--- Provided data Enclosed Below ---
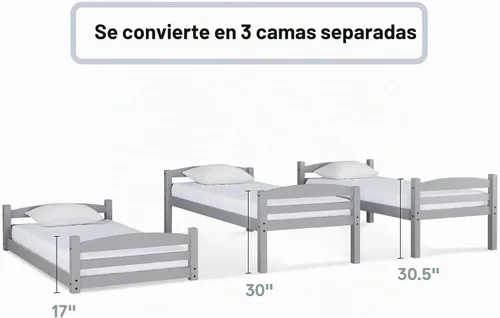 Vista 2 de Dorel Living Phoenix Triple Litera, Gris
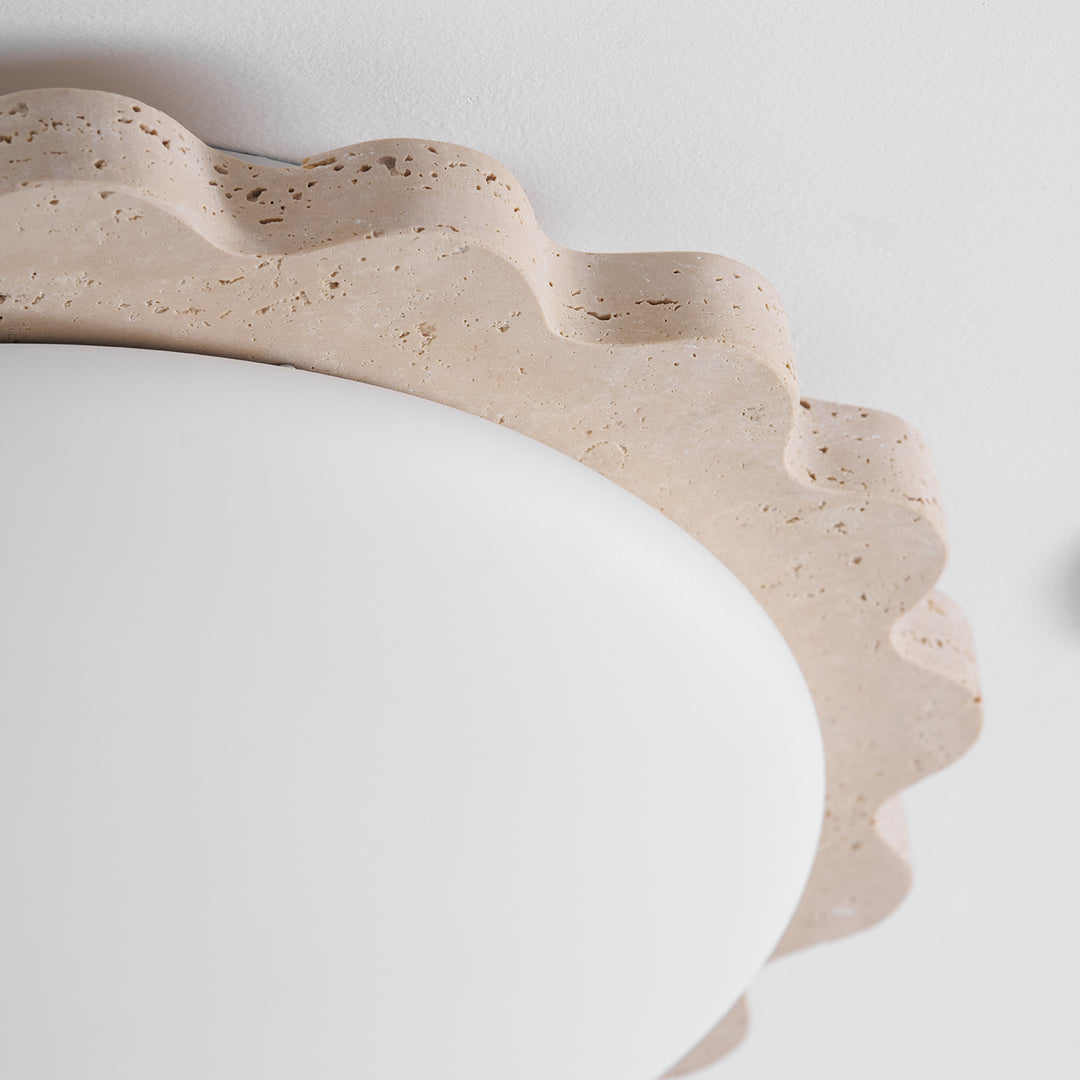 Travertine Scallop Edge Ceiling Light - Vakkerlight
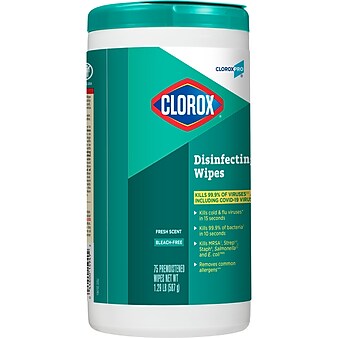 Clorox Disinfecting Wipes, Fresh Scent Scent, 75 Wipes/Container, 75/Pack (15949)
--- End of Enclosed Provided data ---
- **Exercise directions**
Copy nothing but the lines from the one containing "Travertine Scallop Edge" through the last line of the listing above, transcribed exactly and with no pictures.

- **Answer box**
 Travertine Scallop Edge Ceiling Light - Vakkerlight
 Clorox Disinfecting Wipes, Fresh Scent Scent, 75 Wipes/Container, 75/Pack (15949)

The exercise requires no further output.